Director of Research, National Institute for Policy and Strategic Studies (NIPSS), Jos, Prof. Dung Pam Sha, made this assertions at the 39th Annual General Meeting (AGM) of Manufacturers Association of Nigeria (MAN), Oyo, Osun, Ondo and Ekiti States branch in Ibadan.

The event was Themed: “Sustainable Public Private Partnership: Disruptive Innovation for Inclusive Growth.”

Pam Sha, also a Professor of Political Economy and Development Studies in NIPSS, said: “The state and private sector actors must be patriotic in using PPP to build Nigeria.

“PPP fosters economic growth by developing new investment opportunities and increasing provision of public goods and services. MAN members should have a good understanding of the PPP econ-system and their workings.”
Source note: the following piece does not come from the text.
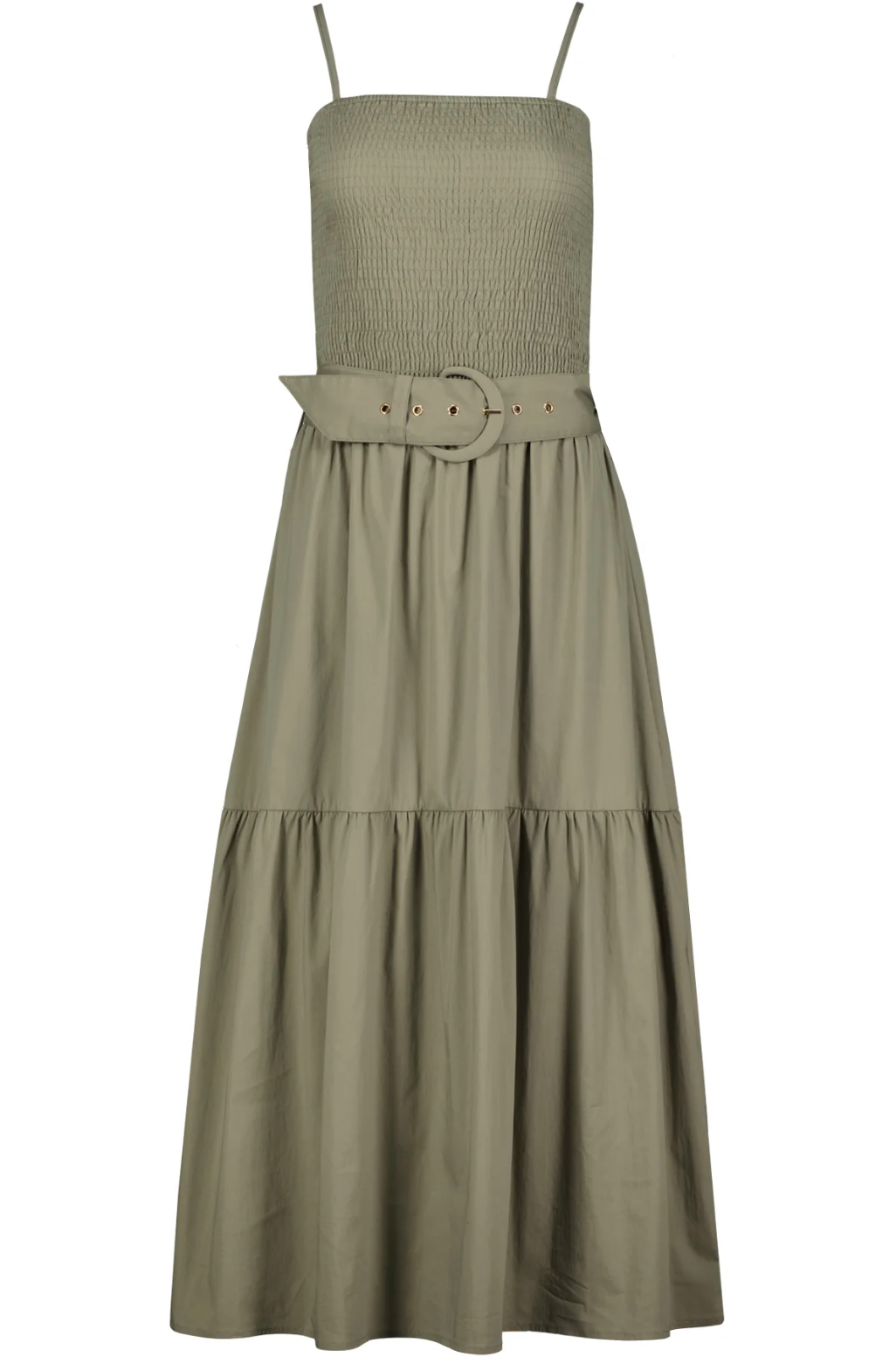 Stella Smock Tiered Dress-Olive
In his remarks, the Acting Governor of Oyo State, Adebayo Lawal, said that MAN had a role to play in jobs creation in the country.

Lawal urged the association to redirect its activities toward promoting economic growth of the state and the nation at large.

He said that the state government had been making efforts toward ensuring an enabling business environment by tackling insecurity in the state.

“The Federal and state governments, as well as other relevant agencies, should synergies to fashion out strategies to stabilise and improve Nigeria’s economy.”

Earlier, the President of MAN, Mansur Ahmed said the manufacturing sector had been acknowledged as the highest contributor to jobs and wealth creation, skill development and technology transfer.

“At the regional and continental levels, we are upscaling our advocacy radar by promoting industrialisation and integration in West Africa through the Federation of West African Manufacturers Association (FEWAMA).”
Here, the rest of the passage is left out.